__WHAT YOU SHOULD DO__
Beginning with the line that contains "Load image into" and ending with the line that contains "New Balance 991v2", reproduce the lines of the entries below exactly, omitting pictures.

__EXCERPTED RECORDS__
******************************
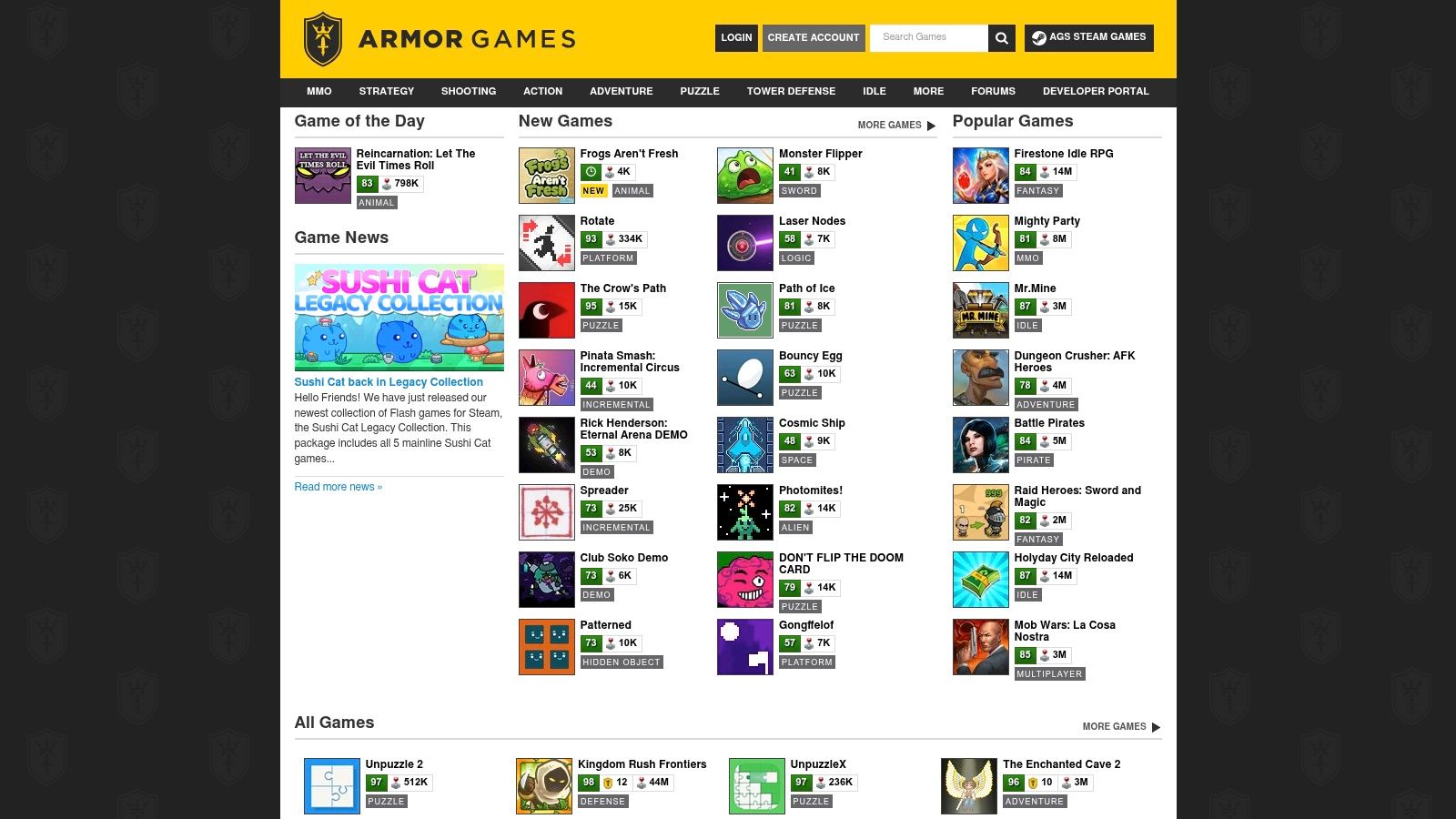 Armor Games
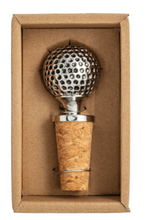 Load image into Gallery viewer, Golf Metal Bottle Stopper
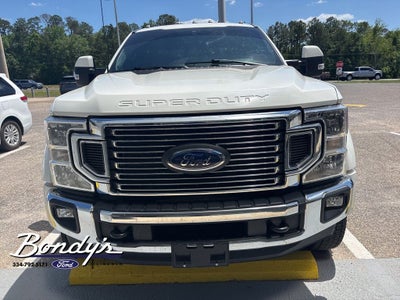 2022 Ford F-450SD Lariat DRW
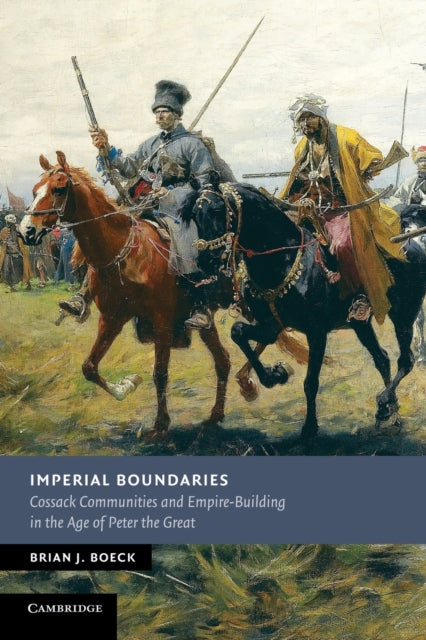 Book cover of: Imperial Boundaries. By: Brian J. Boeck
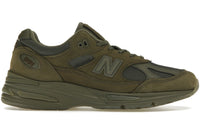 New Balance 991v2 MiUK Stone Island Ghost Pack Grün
******************************
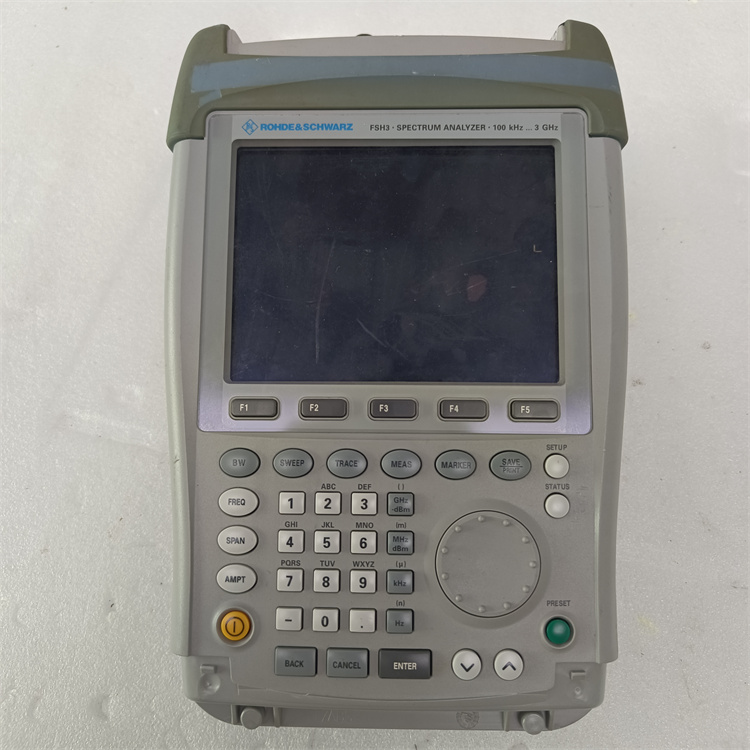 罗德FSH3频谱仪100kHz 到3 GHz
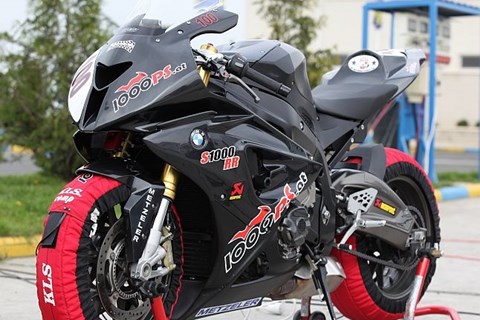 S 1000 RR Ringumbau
******************************
__WORKED SOLUTION__
 Load image into Gallery viewer, Golf Metal Bottle Stopper
 2022 Ford F-450SD Lariat DRW
 Book cover of: Imperial Boundaries. By: Brian J. Boeck
 New Balance 991v2 MiUK Stone Island Ghost Pack Grün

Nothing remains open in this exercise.